Ed Miliband has promised new measures to prevent British people being "locked out" of jobs by foreign workers, including forcing firms to declare if they employ high numbers of immigrants.

Overseas-only employment agencies would be banned and an early-warning system set up to highlight areas where locals are "dominated" by an influx of overseas labour under the proposals.

While there cannot be set quotas on home-grown workers, urgent action is required to identify where British jobseekers need better training to compete, said the Labour leader. Demanding that job centres be told of all firms where more than one in four staff is from overseas would form part of the new system to provide Whitehall and town halls with vital information.

Mr Miliband hopes to shift the focus of the debate from border controls, and what he says are ineffective Government caps on arrivals, towards the impact on people's daily lives. While restrictions on new arrivals, including caps on people from any new EU member state, are necessary, reforming the jobs market is just as important, he argued.

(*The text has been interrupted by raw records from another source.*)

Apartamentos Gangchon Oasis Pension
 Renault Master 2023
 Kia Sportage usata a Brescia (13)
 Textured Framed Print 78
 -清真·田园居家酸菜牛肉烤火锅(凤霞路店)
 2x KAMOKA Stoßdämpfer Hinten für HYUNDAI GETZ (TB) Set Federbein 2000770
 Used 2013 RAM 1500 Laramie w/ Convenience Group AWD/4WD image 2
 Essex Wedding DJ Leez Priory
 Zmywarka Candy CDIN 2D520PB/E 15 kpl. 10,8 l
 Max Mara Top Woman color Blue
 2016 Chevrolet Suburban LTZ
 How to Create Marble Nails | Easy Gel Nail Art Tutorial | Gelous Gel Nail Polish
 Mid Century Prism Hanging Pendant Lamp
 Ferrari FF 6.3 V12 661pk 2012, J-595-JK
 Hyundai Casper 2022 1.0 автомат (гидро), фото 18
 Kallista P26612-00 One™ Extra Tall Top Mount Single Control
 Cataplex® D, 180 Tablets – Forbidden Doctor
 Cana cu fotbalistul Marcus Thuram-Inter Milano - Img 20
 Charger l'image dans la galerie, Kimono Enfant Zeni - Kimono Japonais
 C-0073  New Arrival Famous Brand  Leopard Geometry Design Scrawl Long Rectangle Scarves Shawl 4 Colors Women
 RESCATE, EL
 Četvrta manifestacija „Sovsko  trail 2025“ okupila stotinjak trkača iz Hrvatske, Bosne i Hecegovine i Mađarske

Mr Miliband distanced himself from the rhetoric of his predecessor Gordon Brown, saying: "I am not going to promise 'British jobs for British workers'. But we need an economy which offers working people a fair crack of the whip. The problem we need to address is in those areas and sectors where local talent is locked out of opportunity."

He said Labour had to change its approach to immigration and recognise "the costs as well as the benefits", arguing the last Labour government under Mr Brown became "too disconnected from the concerns of working people".

"We too easily assumed those who worried about immigration were stuck in the past, unrealistic about how things could be different, even prejudiced. But Britain was experiencing the largest peacetime migration in recent history, and people's concerns were genuine. Why didn't we listen more? At least by the end of our time in office, we were too dazzled by globalisation and too sanguine about its price."

In a further pointed swipe at Mr Brown, he said people who expressed legitimate concerns about immigration should be engaged with, not dismissed as "bigoted". The former PM damaged Labour's 2010 election campaign when he was caught on microphone using the term about a voter he met in Rochdale. "Worrying about immigration, talking about immigration, thinking about immigration, does not make them bigots. Not in any way," Mr Miliband said. "They're anxious about the future. And since this conversation is going on in the houses, streets and neighbourhoods of Britain, it must be a conversation that the Labour Party joins too."

Immigration minister Damian Green said: "Until Ed Miliband supports the Government's measures to cut and control immigration, Labour will have no credibility at all. Under his leadership, Labour have opposed our aim to get annual net migration down to the tens of thousands, and they have opposed the cap on economic migration, our changes to student visas and our reforms to family visas. They refuse to admit that immigration is too high, and they refuse to say immigration needs to come down.

If Ed Miliband thinks the national minimum wage is the solution to immigration, he needs to explain why, after introducing the minimum wage, net migration increased by 2.2 million under Labour. He says he isn't going to promise British jobs for British workers but he seems to have fallen into the same trap as Gordon Brown. He still opposes everything the Government is doing to cut and control immigration and still isn't offering a single credible immigration policy of his own."